One number is the whole answer: the tally of lines in the records below that contain "Apartment".

▸ Working data
== Segment start ==

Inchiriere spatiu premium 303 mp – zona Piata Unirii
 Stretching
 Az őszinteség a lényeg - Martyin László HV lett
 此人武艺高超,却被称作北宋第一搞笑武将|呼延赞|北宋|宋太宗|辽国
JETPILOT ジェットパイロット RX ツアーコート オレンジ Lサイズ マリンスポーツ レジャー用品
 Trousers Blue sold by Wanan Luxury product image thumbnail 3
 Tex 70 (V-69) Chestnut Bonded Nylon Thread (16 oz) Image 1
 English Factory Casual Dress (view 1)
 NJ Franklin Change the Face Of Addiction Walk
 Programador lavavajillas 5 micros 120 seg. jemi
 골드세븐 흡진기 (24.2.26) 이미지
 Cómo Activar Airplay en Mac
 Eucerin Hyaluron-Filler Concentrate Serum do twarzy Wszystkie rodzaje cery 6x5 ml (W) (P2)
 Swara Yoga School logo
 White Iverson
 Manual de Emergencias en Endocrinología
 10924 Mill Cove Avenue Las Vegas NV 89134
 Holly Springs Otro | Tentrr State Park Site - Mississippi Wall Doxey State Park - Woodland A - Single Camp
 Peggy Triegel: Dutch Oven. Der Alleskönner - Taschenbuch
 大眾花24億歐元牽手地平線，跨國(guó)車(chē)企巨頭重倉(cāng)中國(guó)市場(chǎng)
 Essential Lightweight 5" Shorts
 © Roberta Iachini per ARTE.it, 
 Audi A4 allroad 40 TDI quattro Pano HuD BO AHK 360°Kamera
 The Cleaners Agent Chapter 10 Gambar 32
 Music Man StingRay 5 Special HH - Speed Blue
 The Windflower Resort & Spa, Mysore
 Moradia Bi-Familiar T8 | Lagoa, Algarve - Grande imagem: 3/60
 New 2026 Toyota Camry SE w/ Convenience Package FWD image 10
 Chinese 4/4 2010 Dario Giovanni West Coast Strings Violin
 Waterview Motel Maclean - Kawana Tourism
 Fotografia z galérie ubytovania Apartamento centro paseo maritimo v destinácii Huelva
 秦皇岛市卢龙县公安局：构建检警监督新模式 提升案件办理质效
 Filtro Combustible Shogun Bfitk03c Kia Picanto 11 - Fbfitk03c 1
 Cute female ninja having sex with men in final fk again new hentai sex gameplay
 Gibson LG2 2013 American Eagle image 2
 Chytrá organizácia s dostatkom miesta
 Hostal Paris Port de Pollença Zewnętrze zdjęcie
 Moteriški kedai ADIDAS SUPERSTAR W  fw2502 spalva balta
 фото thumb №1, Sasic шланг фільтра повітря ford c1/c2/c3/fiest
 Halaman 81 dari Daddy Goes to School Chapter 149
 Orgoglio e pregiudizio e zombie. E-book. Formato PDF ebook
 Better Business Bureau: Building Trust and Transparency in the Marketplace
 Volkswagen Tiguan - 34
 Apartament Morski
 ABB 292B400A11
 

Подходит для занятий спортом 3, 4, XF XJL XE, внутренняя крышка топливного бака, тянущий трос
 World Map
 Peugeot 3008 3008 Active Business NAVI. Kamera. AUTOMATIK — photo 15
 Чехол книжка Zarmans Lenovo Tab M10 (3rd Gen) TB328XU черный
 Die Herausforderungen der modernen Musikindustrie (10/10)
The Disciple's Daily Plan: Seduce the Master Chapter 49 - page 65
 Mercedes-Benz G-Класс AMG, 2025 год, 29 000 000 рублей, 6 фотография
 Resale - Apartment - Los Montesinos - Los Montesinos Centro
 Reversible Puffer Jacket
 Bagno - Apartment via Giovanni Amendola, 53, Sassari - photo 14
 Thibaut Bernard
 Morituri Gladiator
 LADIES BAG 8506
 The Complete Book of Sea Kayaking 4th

== Segment end ==

▸ Answer section
2